El capitalismo no es el “sistema” abstracto que pareciera flotar sobre las personas, o que se
encuentra en algunas partes del mundo muy concretas, como en algunas instituciones o en un par
de personas. Cuando se habla del capital, no se habla de su representación en dinero, o en las
inversiones financieras virtuales, el mundo de la bolsa, o cualquier otra de sus manifestaciones. El
capital es la manera concreta en la que las personas nos relacionamos a diario. Es la forma en la
que (sobre) vivimos a diario. Esta “forma”, claro está, no es ni de chiste unívoca. Existen tantas
maneras de vivir el capitalismo como quizás personas existen en el mundo. Aun así, son esas
relaciones que reproducimos a diario las que permiten al capital seguir viviendo, mientras otros
van muriendo.
El planteamiento básico de los defensores del fin de las ideologías era que se pretendía llegar a un
punto neutral en donde, basados en el mero conocimiento social (a veces reducido a la llamada
“técnica o ingeniería social”), pudieran tomarse decisiones sobre los problemas sociales sin verse
influidos por las ideologías de izquierda o derecha. De esa forma, la toma de decisiones no llevaría
a los terribles resultados de las dictaduras de “izquierda” en la URSS o de la Alemania nazi. Tal era
el caso de personajes como Mannheim, Popper o Guidens.

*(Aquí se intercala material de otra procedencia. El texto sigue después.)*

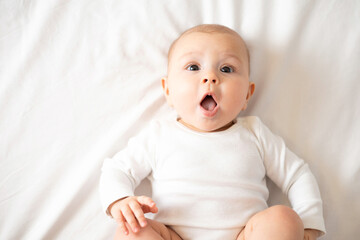 Portrait of a cute baby girl of 5 months in a white bodysuit on a white bed in the bedroom. Space for text. Child lifestyle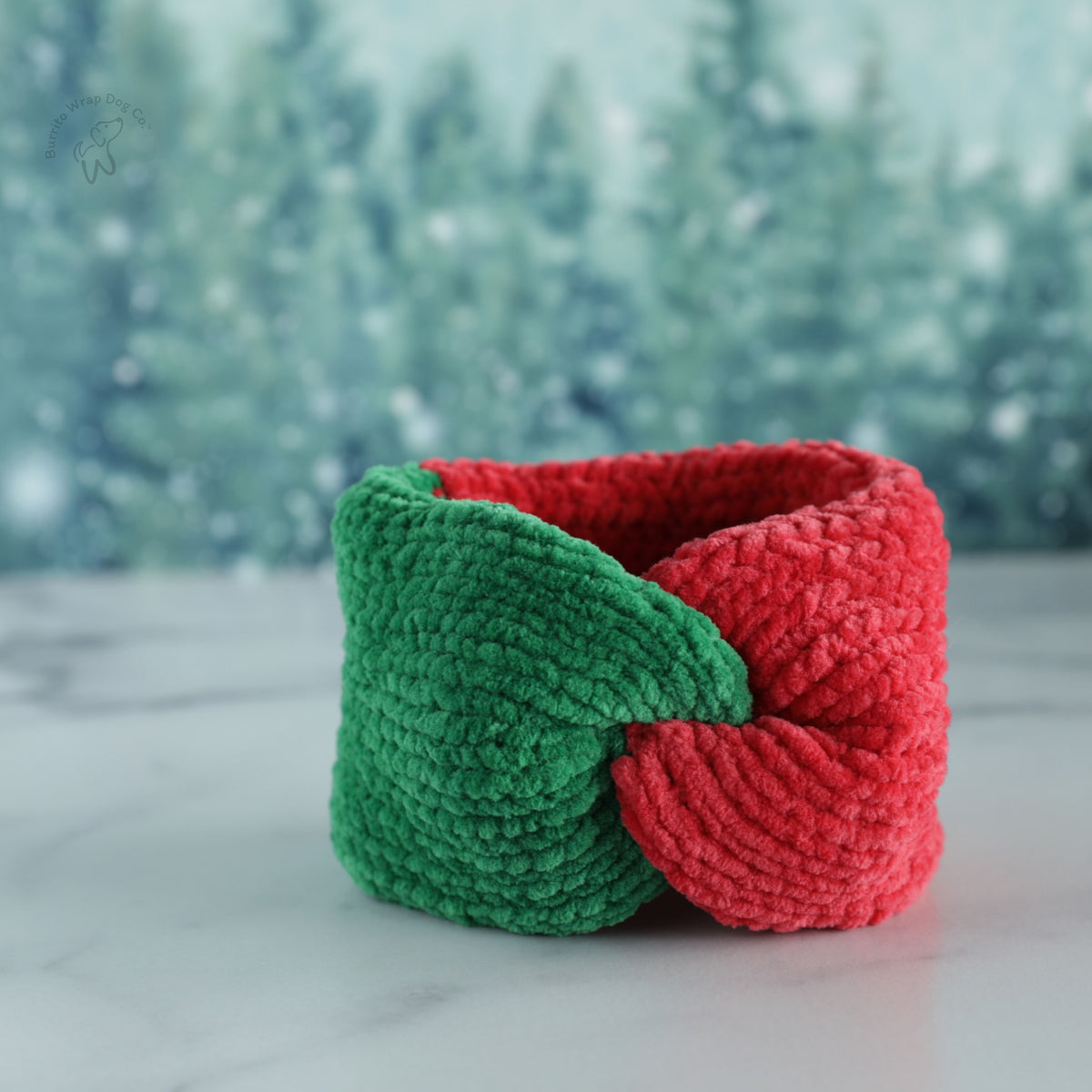 Red and green chenille dog neckwarmer displayed against a snowy winter forest backdrop.
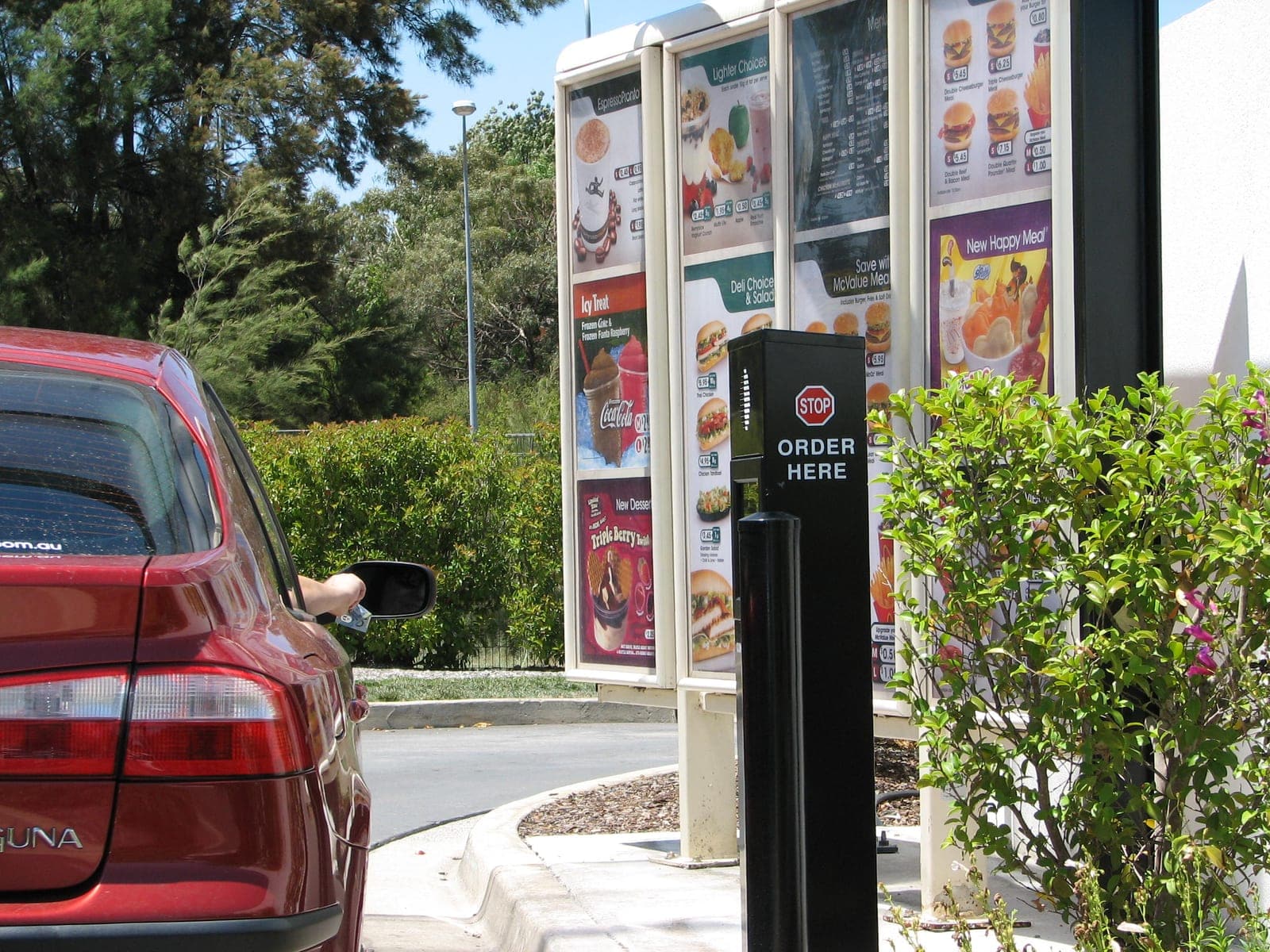A car ordering at a McDonald's drive-thru menu board with an Order Here sign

Hoy vemos cómo regresan esas ideas que antaño ya se habían criticado por ser claramente
legitimadoras y cómplices del capital, a veces de forma cínica (como en Popper). Existen
muchísimas manifestaciones actuales de esa misma idea, pero lo extraño es que esas voces hoy
surgen de los sectores que se autodenominan “detractores” del sistema. Proclaman el mismo
discurso del fin de las ideologías, o de “La ideología misma”, a favor de un pretendido purismo en
las ideas (sic). La ideología como blanco nuevamente, aparece ahora desde una supuesta posición
“a-ideológica”, o neutral, como antaño se decía. Se plantea una especia de “reset” en el
conocimiento social, al puro estilo de los posmodernos como Lyotard y Vattimo. Lo extraño aquí
es que el objetivo principal de estos grupos “a-históricos” o llegados del espacio exterior, no es
siquiera el sistema capitalista sino los movimientos libertarios o de izquierda. Sus discursos
arremeten contra los principios o ideas de las alternativas radicales o timoratas de los
movimientos sociales de todo tipo: desde indígenas hasta las políticas de gobiernos llamados
progresistas. Así, por arte de magia, las relaciones sociales capitalistas desaparecen por el hecho
de autonombrarse no-nacido en este mundo lleno de ideologías.